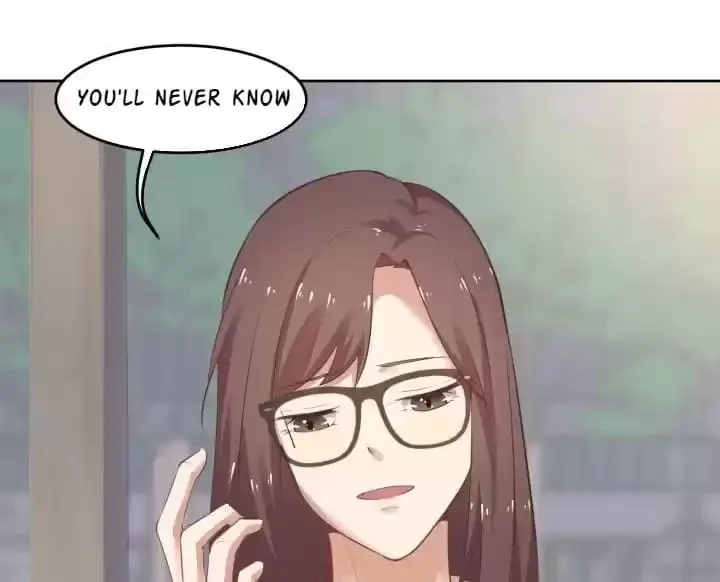 Hey, Nice to Eat You Chapter 54 page 10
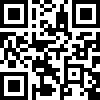 https://khabaronline.ir/x5KjV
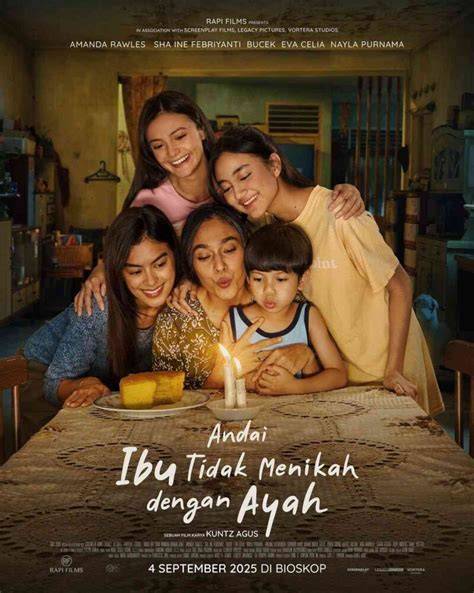 arti mimpi menikah dengan ayah tiri memiliki Sistem peringatan tabrakan & resep andalan tiktok dengan 316 pilihan referensi xnxx gold image 1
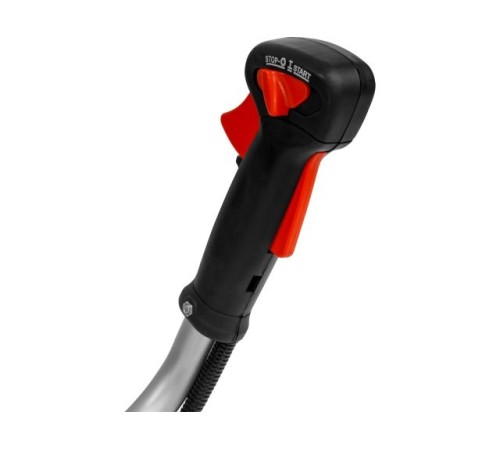 Триммер бензиновый HDC HD-B250F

### Task description
Retype, word for word, the line containing "arti mimpi menikah" and each line after it through the end of the data, leaving any picture out.

### Solution to this task
 arti mimpi menikah dengan ayah tiri memiliki Sistem peringatan tabrakan & resep andalan tiktok dengan 316 pilihan referensi xnxx gold image 1
 Триммер бензиновый HDC HD-B250F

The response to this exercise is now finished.